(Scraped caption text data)
● ● ●

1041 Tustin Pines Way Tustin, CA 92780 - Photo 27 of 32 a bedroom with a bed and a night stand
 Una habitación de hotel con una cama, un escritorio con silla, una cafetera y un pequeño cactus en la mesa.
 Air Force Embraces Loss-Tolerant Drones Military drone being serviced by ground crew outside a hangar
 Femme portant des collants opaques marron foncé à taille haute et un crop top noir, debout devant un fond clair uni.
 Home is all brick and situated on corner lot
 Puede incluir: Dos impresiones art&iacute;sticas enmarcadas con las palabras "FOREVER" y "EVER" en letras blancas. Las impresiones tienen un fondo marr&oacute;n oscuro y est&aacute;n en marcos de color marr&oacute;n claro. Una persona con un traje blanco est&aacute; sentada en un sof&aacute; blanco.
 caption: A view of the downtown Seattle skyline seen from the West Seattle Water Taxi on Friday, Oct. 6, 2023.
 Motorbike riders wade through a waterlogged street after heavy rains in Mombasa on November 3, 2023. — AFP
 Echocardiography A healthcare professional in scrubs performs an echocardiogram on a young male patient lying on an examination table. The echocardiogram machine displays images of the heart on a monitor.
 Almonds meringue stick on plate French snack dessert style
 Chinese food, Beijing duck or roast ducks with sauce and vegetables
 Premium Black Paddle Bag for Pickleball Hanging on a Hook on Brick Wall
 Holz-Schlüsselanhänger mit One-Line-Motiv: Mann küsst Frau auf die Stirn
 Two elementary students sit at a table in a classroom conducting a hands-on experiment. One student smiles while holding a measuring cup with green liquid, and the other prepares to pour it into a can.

● ● ●

WORK TASK: Reproduce exactly the line that contains "Chinese food, Beijing" together with each line after it to the end of the entries; include no other lines.

WRITTEN ANSWER:
 Chinese food, Beijing duck or roast ducks with sauce and vegetables
 Premium Black Paddle Bag for Pickleball Hanging on a Hook on Brick Wall
 Holz-Schlüsselanhänger mit One-Line-Motiv: Mann küsst Frau auf die Stirn
 Two elementary students sit at a table in a classroom conducting a hands-on experiment. One student smiles while holding a measuring cup with green liquid, and the other prepares to pour it into a can.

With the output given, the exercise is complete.